Will you write out, word for word, every line from the one with "MLS: SW25187907 Condo For Sale" to the final line of the data below, with the pictures left out?
== DATASET EXCERPT
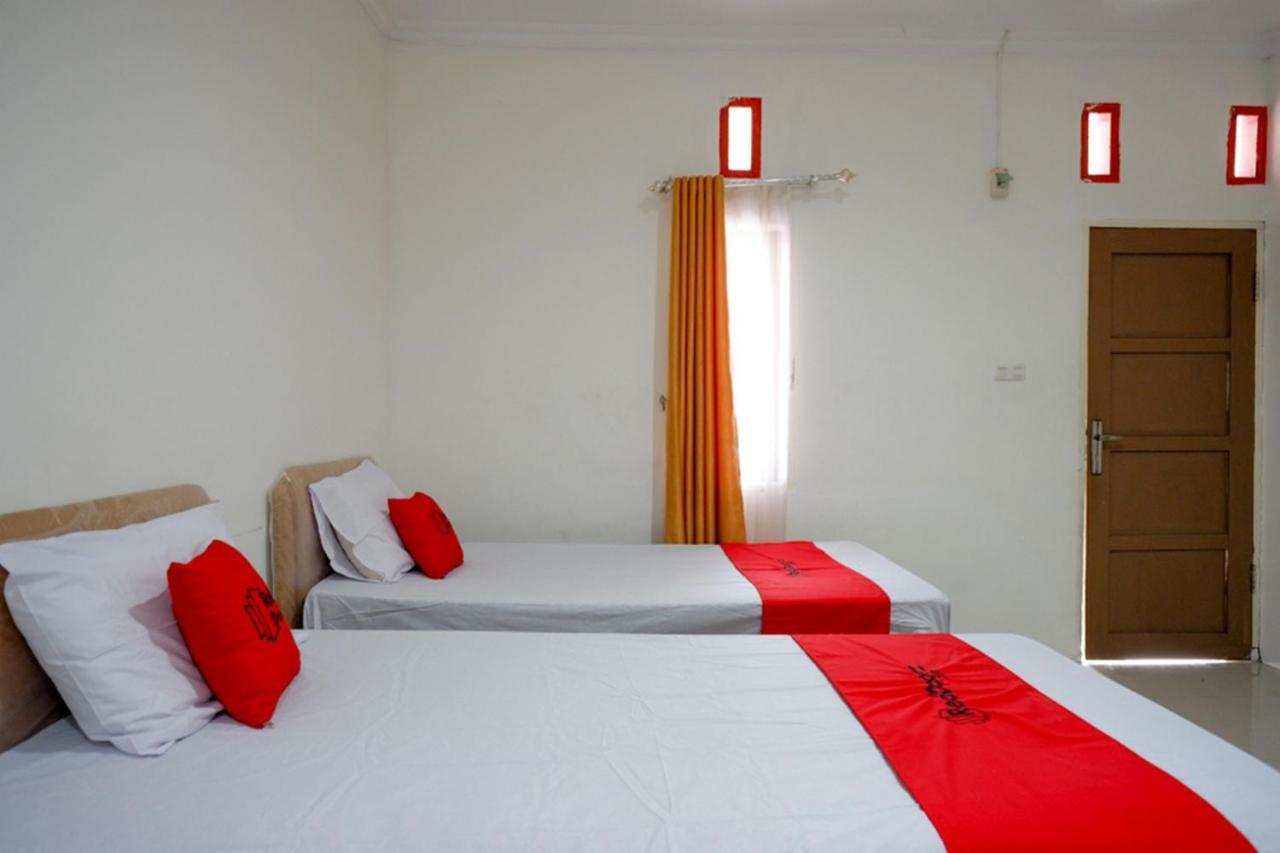 KoolKost near RS Samaritan Palu - Minimum Stay 6 Nights Exterior foto
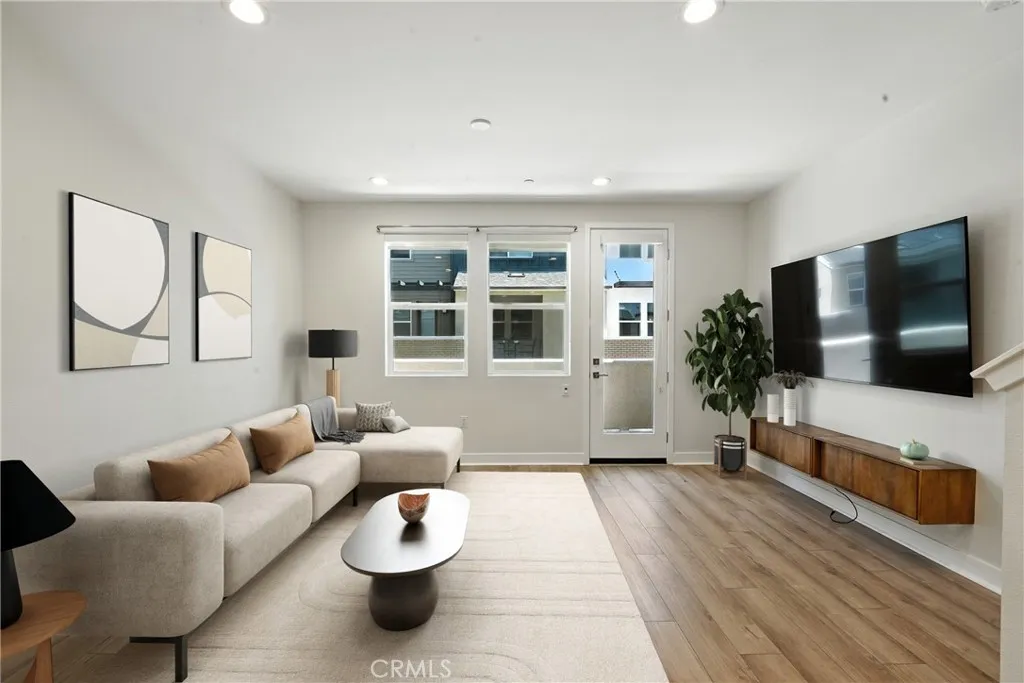 MLS: SW25187907 Condo For Sale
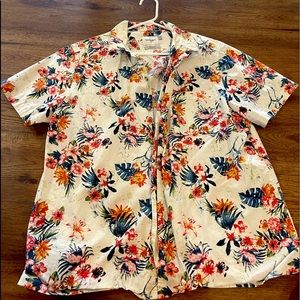 GOODFELLOW & CO Hawaiian Pattern button-up shirt XL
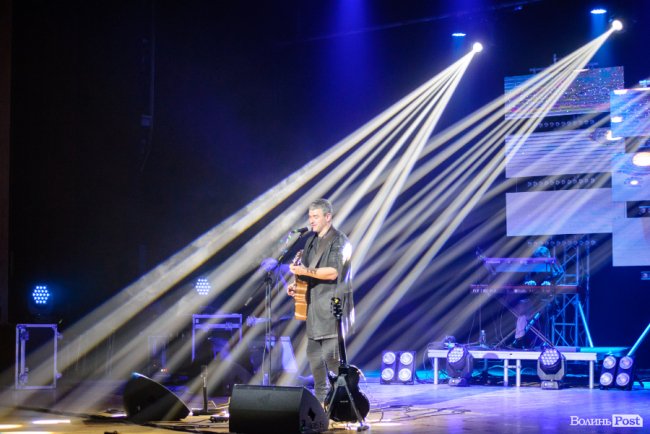 У Луцьку з новим альбомом виступив Арсен Мірзоян. ФОТО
====
*WRITTEN ANSWER*:
 MLS: SW25187907 Condo For Sale
 GOODFELLOW & CO Hawaiian Pattern button-up shirt XL
 У Луцьку з новим альбомом виступив Арсен Мірзоян. ФОТО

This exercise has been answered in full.